It was a group of civil society organisations that led a successful legal challenge in 2017 to stop the Zuma-led government from carrying out a nuclear deal with Russia that would have cost taxpayers trillions of rands and ultimately been disastrous for our economic future.

Again, ANC critics of Zuma leveraged civil society to campaign to prevent him getting his handpicked successor, his former wife Nkosazana Dlamini-Zuma, instated, and eventually forced him to resign as state president.

Civil society organisations took former president Jacob Zuma to court over multiple incidents of corruption and manipulation of state institutions for private gain.

Organisations have pushed for the implementation of critical socioeconomic rights, such as the right to housing, health, food and social welfare, which have not been fully realised. In 2000, the Legal Resources Centre and a group of civil society organisations, in what is now referred to as the Grootboom case, successfully petitioned the courts to order government to provide housing “for people with no access to land”.

Civil society has also fought hard to change archaic sexist, homophobic and racist public attitudes, which go against the Constitution. In 2007, two lesbian women, Sizakele Sigasa and Salome Masooa, were murdered in Soweto. The following year, Eudy Simelane, a player for South Africa’s national women’s football team Banyana Banyana, was killed. South Africa has liberal laws on gender equality, freedom of sexual orientation and allows single-sex marriage.

In 2016, South Africa aligned itself with African countries in the United Nations General Assembly to oppose the appointment of an independent expert on sexual orientation and gender identity by the UN Human Rights Council. But South African civil society organisations sent an open letter to the then minister of international relations and
co-operation, asking the department for South Africa to break from the conservative African lobby and adopt a pro-gay rights stance in line with the country’s democratic Constitution.

South Africa’s trade unions have ensured, with public campaigns, the adoption and entrenchment of basic employee rights, including the right to strike and minimum safety and working conditions for those in formal employment. The trade union movement played an instrumental role in securing the adoption of a minimum wage —even if the agreed minimum wage of R20 an hour is low.

Civil society organisations have also been holding mining companies to account for their failure to implement promises to build low-cost housing, boost local economic development and rehabilitate the environment in return for lucrative mining licences.

In 2016, civil society organisations, faith-based organisations and community organisations launched a series of protests against Lonmin’s lack of implementation of its promised building of low-cost housing, local economic development and environmental rehabilitation.

Civil society has provided public services in many instances of the failure by the state to deliver public services.
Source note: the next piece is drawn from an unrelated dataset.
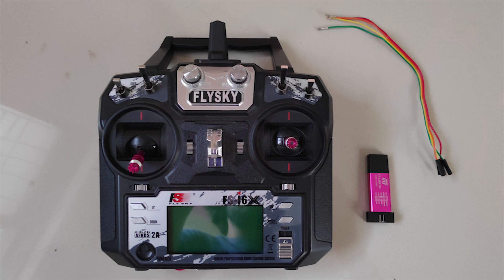To flash OpenTX on your Flysky FS-I6X radio transmitter, you'll have to use the STM USB adapter and 4 jumper wires to connect the STM USB adapter to the motherboard of your Flysky radio.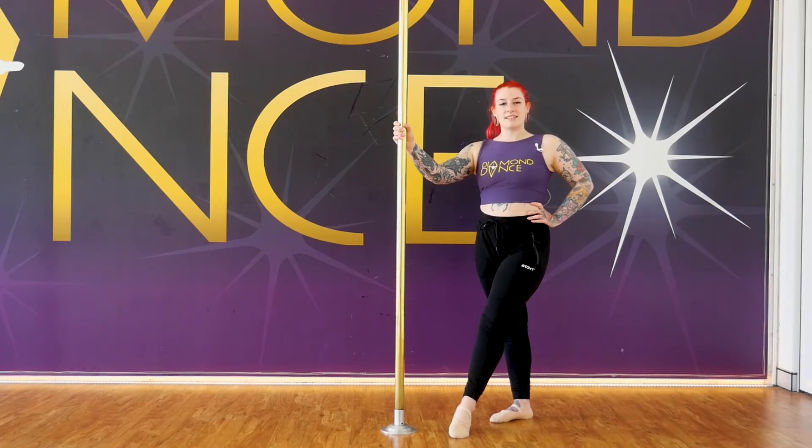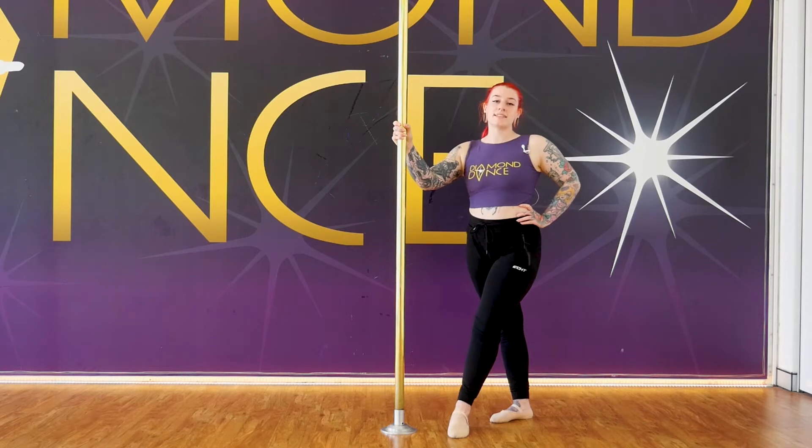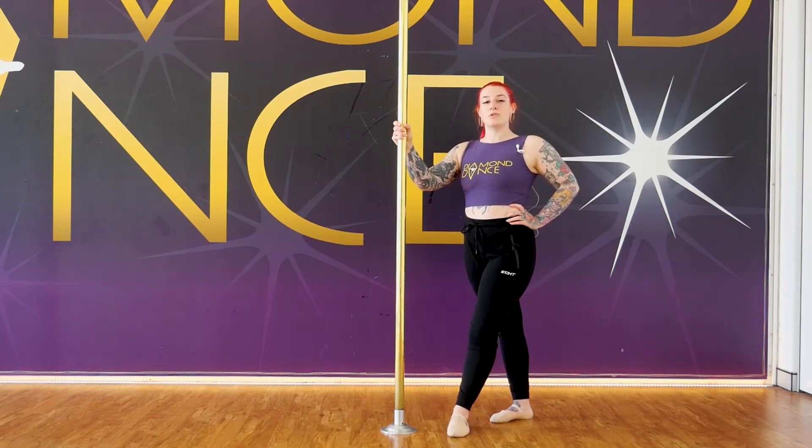Hi guys, it's Sinead from Diamond Dance here. Today I'm going to give you a small tip that I find makes my step around twirl a whole lot easier and smoother.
Johannesburg Child Welfare, Cotlands, the National Institute for Crime Prevention, for instance, provide essential basic services, where the state is often absent.

Civil society organisations have also educated citizens about their rights — in a country with a huge illiteracy problem and where unscrupulous political, business, traditional and religious leaders have exploited the lack of knowledge of the poor to enrich themselves.

In spite of declining funding,civil society has largely stepped up to the challenge to defend the Constitution, democracy and its institutions. It has fought public and private corruption. They have helped to protect vulnerable citizens from government abuse by fighting on their behalf.

They have strengthened the capacity of the state by often providing alternative public services where the state fails. They have made alternative information available, where governments and leaders have either hidden or obscured the facts and they have fought to scrap apartheid-era laws, which deny democratic rights to citizens.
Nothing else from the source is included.